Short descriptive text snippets
-- -- --

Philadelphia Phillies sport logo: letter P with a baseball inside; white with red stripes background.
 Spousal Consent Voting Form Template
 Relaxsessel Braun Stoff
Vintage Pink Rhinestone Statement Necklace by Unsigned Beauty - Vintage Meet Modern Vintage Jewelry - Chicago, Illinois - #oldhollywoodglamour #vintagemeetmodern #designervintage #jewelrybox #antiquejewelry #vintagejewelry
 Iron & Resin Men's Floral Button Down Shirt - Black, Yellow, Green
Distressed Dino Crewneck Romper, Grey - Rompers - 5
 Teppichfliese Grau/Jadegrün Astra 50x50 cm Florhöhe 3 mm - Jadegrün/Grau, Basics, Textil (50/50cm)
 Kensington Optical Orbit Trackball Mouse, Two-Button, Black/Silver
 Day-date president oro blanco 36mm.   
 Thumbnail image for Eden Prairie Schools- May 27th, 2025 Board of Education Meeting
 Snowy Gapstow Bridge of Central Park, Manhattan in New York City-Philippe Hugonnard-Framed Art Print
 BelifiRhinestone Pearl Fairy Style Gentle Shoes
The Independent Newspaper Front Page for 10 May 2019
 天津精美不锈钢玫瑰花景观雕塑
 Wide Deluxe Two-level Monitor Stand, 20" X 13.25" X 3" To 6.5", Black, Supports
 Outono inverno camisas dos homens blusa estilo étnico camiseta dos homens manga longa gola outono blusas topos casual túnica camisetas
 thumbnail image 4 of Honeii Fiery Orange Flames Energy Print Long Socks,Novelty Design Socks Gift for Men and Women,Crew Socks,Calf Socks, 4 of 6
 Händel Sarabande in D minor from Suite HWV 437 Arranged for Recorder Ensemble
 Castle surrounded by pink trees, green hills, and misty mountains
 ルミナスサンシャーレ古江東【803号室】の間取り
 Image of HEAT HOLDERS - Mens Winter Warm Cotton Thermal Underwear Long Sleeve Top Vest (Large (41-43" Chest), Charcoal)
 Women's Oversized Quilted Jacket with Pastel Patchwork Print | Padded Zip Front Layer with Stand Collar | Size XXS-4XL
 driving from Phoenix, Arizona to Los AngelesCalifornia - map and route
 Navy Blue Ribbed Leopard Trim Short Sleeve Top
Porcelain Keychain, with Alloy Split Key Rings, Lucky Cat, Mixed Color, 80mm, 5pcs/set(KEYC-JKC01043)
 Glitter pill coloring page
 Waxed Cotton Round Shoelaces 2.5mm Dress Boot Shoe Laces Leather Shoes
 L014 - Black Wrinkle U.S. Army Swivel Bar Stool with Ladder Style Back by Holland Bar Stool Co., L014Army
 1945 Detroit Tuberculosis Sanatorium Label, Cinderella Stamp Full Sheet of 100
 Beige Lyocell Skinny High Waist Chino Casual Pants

-- -- --

● **HOW TO COMPLETE THIS TASK**: Every entry, written out exactly, is what the response should contain.

● **RESPONSE FOR THIS EXERCISE**:
Philadelphia Phillies sport logo: letter P with a baseball inside; white with red stripes background.
 Spousal Consent Voting Form Template
 Relaxsessel Braun Stoff
Vintage Pink Rhinestone Statement Necklace by Unsigned Beauty - Vintage Meet Modern Vintage Jewelry - Chicago, Illinois - #oldhollywoodglamour #vintagemeetmodern #designervintage #jewelrybox #antiquejewelry #vintagejewelry
 Iron & Resin Men's Floral Button Down Shirt - Black, Yellow, Green
Distressed Dino Crewneck Romper, Grey - Rompers - 5
 Teppichfliese Grau/Jadegrün Astra 50x50 cm Florhöhe 3 mm - Jadegrün/Grau, Basics, Textil (50/50cm)
 Kensington Optical Orbit Trackball Mouse, Two-Button, Black/Silver
 Day-date president oro blanco 36mm.   
 Thumbnail image for Eden Prairie Schools- May 27th, 2025 Board of Education Meeting
 Snowy Gapstow Bridge of Central Park, Manhattan in New York City-Philippe Hugonnard-Framed Art Print
 BelifiRhinestone Pearl Fairy Style Gentle Shoes
The Independent Newspaper Front Page for 10 May 2019
 天津精美不锈钢玫瑰花景观雕塑
 Wide Deluxe Two-level Monitor Stand, 20" X 13.25" X 3" To 6.5", Black, Supports
 Outono inverno camisas dos homens blusa estilo étnico camiseta dos homens manga longa gola outono blusas topos casual túnica camisetas
 thumbnail image 4 of Honeii Fiery Orange Flames Energy Print Long Socks,Novelty Design Socks Gift for Men and Women,Crew Socks,Calf Socks, 4 of 6
 Händel Sarabande in D minor from Suite HWV 437 Arranged for Recorder Ensemble
 Castle surrounded by pink trees, green hills, and misty mountains
 ルミナスサンシャーレ古江東【803号室】の間取り
 Image of HEAT HOLDERS - Mens Winter Warm Cotton Thermal Underwear Long Sleeve Top Vest (Large (41-43" Chest), Charcoal)
 Women's Oversized Quilted Jacket with Pastel Patchwork Print | Padded Zip Front Layer with Stand Collar | Size XXS-4XL
 driving from Phoenix, Arizona to Los AngelesCalifornia - map and route
 Navy Blue Ribbed Leopard Trim Short Sleeve Top
Porcelain Keychain, with Alloy Split Key Rings, Lucky Cat, Mixed Color, 80mm, 5pcs/set(KEYC-JKC01043)
 Glitter pill coloring page
 Waxed Cotton Round Shoelaces 2.5mm Dress Boot Shoe Laces Leather Shoes
 L014 - Black Wrinkle U.S. Army Swivel Bar Stool with Ladder Style Back by Holland Bar Stool Co., L014Army
 1945 Detroit Tuberculosis Sanatorium Label, Cinderella Stamp Full Sheet of 100
 Beige Lyocell Skinny High Waist Chino Casual Pants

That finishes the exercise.